9/29/2016

Docu-Thriller Peeks Behind Korea's Curtain

The Lovers and the Despot
(UK, 98 min.)
Dir. Rob Cannan, Ross Adam
Courtesy of Magnolia Pictures

Who knew that Kim Jong-ill wanted to be Adolf Hitler, Joseph Goebbels, and Leni Riefenstahl rolled into one? North Korea’s notorious supreme leader is at the centre of the fascinating documentary The Lovers and the Despot, as is his unexpected love for film that fuels this enthralling story. This stranger-than-fiction docu-thriller unravels a wild tale. It’s a thrilling cinematic caper, but also a uniquely revealing glimpse behind the curtain of one of the most secretive countries in the world.


This doc by Rob Cannan and Ross Adam recalls the Oscar-winner Searching for Sugarman in that it takes an absorbing, captivating, and entertaining story that is almost too good to be believe, and then finds a handful of great storytellers to unfurl the tale with gripping gusto. The film tells the true crime yarn of director Shin Sang-ok and actress Choi Eun-hee, a husband-and-wife power team in the South Korean film scene. They’re riding high with a string of hits gaining international fame, doing their nation proud on the festival circuit, inspiring their compatriots, and becoming idols.

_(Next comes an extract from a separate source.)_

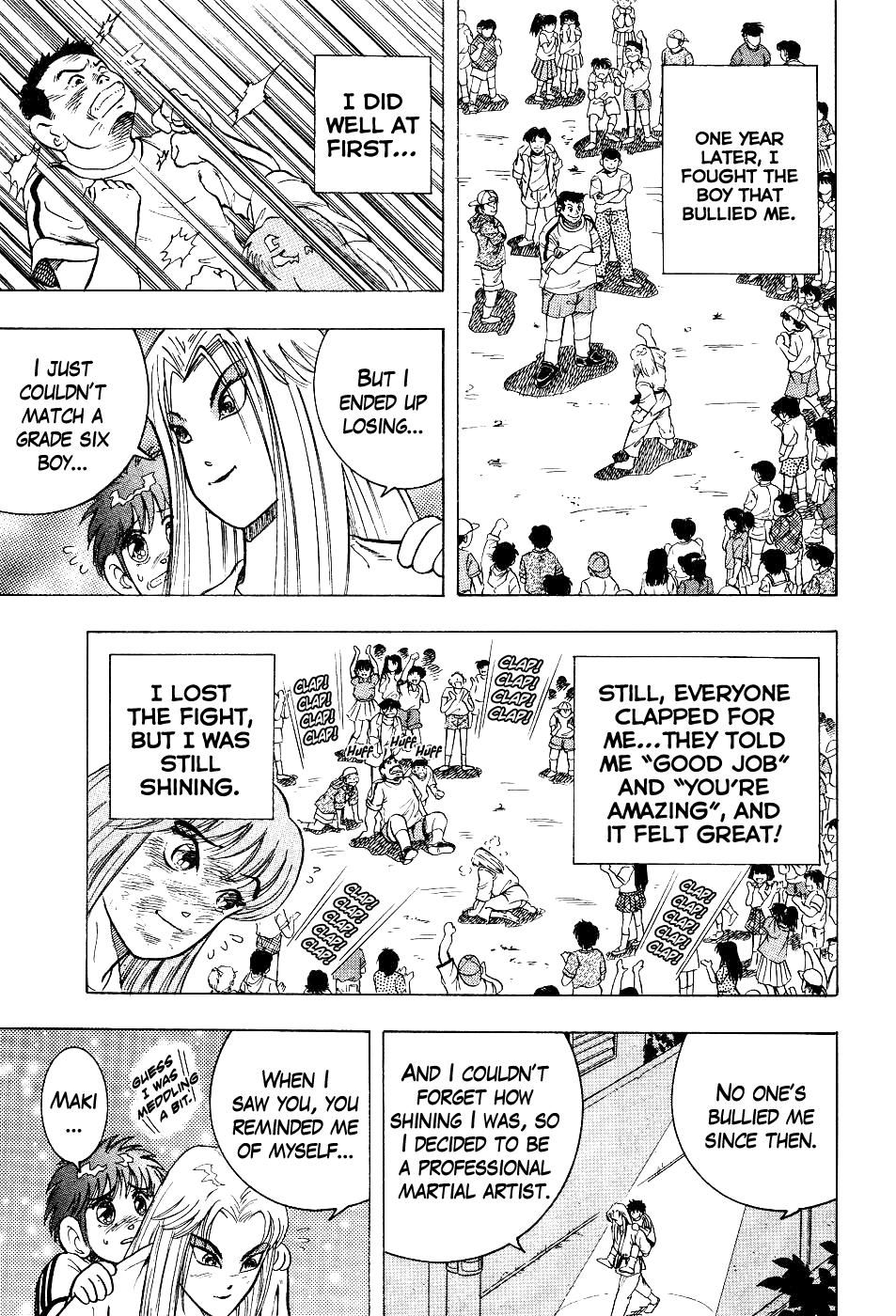Chou Kakutou Densetsu Ashita Kagayake!! Chapter 6 page 14 - Chapter 6: I'll Keep On Running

As is the case with many famous couples, though, the marriage didn’t last. Choi recalls in interviews how she left Shin (who died in 2006 and appears only in archival footage) and continued her career on her own despite walking away from a once-great relationship. However, their divorce wasn’t a final separation personally or professionally as The Lovers and the Despot reveals how Chin was abducted from a hotel room and smuggled into North Korea by boat. There, she became the welcome guest (re: hostage) of Kim Jong-il, who wanted to use her stardom to make movies that could speak to the masses while elevating North Korea’s stature on the international scene.

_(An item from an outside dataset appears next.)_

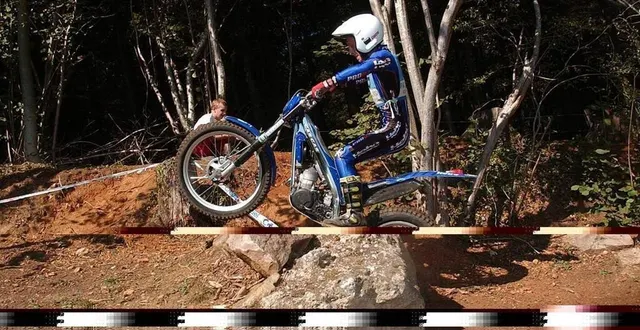 photo  le trial, une affaire d’adresse avant tout.  &copy;  archives denis lambert/le maine libre 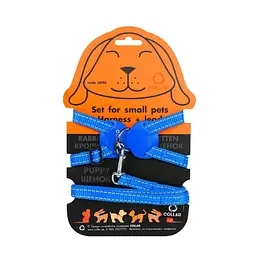 Шлея DOG Extreme зі шкіряною накладкою та повідцем для кроликів (4820152565648)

Cue Shin, who himself is taken into the bizarre plot. The lovers must make films for the despot and they ultimately create propaganda where they used to create art. The various talking heads in the film—spies, film critics, historians, and family members—offer recollections of the story that conflict or don’t entirely add up. Some say Shin was abducted, for example, while others say he entered North Korea willingly to offer himself to Kim to ensure Chin’s safety.

Similarly, The Lovers and the Despot reveals how differently two people might react to the same situation. Chin resists Kim’s charm and jokes, and she instead notices the regimental ordering of her diet and dress that signals a dangerous captor. Kim, however, seduces Shin with his enthusiasm as a producer. The film explains how Shin’s ambitions in South Korea often outpaced his means, so Kim’s willingness to throw money at his propaganda mission delivered budgets bigger than those that the director could ever imagine south of the border. The artists and the dictator crank out movies faster than Woody Allen makes them, producing a whopping 17 films in under eight years.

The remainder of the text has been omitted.